Work to complete: Could you write out, exactly as they stand, only the lines in the listing below from the line with "1575 NE Noble Hts, Grants Pass, OR 97526" to the line with "鸡油黄叶子吊坠发一个L01", both ends included, without the pictures?

Material to process:
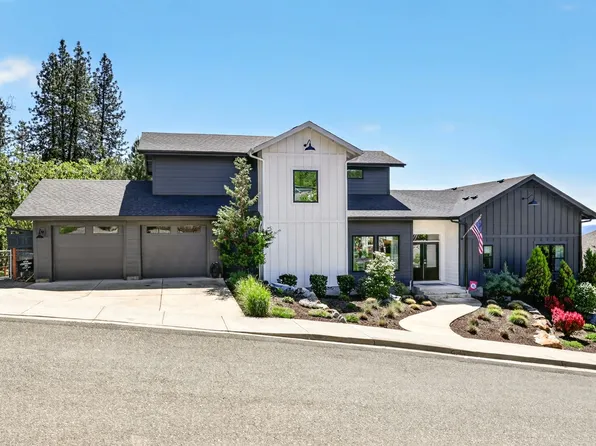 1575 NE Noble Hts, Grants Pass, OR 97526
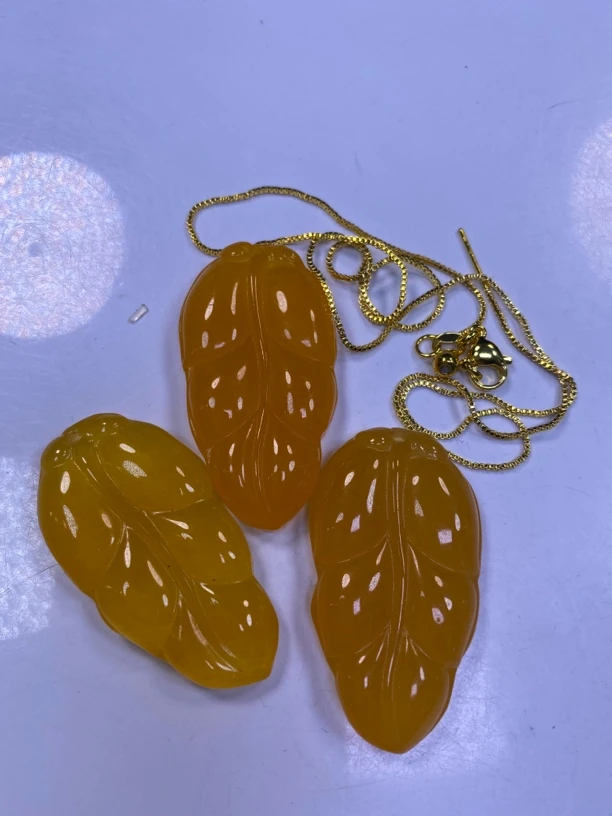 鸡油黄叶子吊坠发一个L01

...

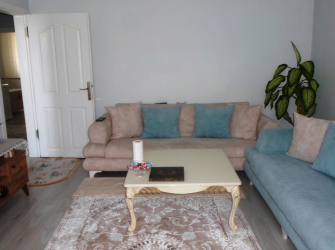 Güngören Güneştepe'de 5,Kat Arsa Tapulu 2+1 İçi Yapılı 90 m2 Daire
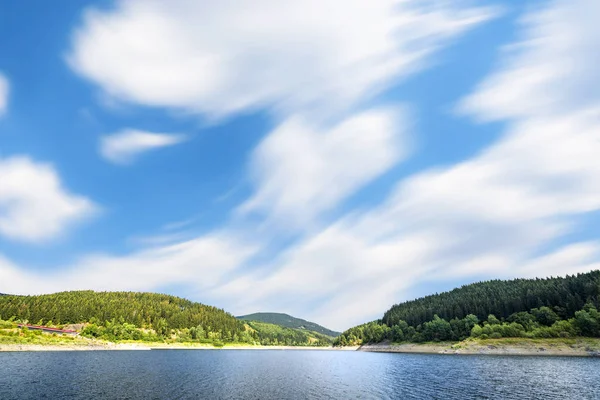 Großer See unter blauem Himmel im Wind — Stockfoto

Exercise answer:
 1575 NE Noble Hts, Grants Pass, OR 97526
 鸡油黄叶子吊坠发一个L01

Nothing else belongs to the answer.